++++ Material supplied ++++
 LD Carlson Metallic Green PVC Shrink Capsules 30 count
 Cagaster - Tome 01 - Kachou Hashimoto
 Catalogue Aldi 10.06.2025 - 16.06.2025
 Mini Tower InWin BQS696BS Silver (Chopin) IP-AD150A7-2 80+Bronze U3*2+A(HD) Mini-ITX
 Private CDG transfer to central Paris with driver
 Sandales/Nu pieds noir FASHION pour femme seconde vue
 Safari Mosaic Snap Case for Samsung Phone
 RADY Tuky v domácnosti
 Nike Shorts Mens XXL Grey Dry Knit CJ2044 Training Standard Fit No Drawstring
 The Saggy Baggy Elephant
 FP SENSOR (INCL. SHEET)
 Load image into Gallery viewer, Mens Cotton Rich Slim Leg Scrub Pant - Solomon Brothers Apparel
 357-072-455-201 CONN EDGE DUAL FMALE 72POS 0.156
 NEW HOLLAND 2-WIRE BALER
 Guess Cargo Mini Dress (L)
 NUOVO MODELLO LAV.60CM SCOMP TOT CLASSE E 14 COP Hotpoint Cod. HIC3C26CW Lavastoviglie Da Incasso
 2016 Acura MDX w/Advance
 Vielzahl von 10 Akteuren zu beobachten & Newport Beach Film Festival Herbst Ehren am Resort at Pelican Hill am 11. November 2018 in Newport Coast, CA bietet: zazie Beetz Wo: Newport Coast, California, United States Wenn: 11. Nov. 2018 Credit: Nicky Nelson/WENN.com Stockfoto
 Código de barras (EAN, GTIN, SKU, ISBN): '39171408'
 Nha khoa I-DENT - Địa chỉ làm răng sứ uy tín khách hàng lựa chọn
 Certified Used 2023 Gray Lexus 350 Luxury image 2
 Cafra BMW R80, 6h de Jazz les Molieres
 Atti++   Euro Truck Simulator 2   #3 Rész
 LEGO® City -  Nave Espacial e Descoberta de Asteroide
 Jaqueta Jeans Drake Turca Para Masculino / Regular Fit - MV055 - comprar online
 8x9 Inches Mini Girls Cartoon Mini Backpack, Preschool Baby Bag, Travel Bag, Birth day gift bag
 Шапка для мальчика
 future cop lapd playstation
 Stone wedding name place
++++
Find the lines above holding the word "Mini" and show them.

:: Finished exercise ::
 Mini Tower InWin BQS696BS Silver (Chopin) IP-AD150A7-2 80+Bronze U3*2+A(HD) Mini-ITX
 Guess Cargo Mini Dress (L)
 8x9 Inches Mini Girls Cartoon Mini Backpack, Preschool Baby Bag, Travel Bag, Birth day gift bag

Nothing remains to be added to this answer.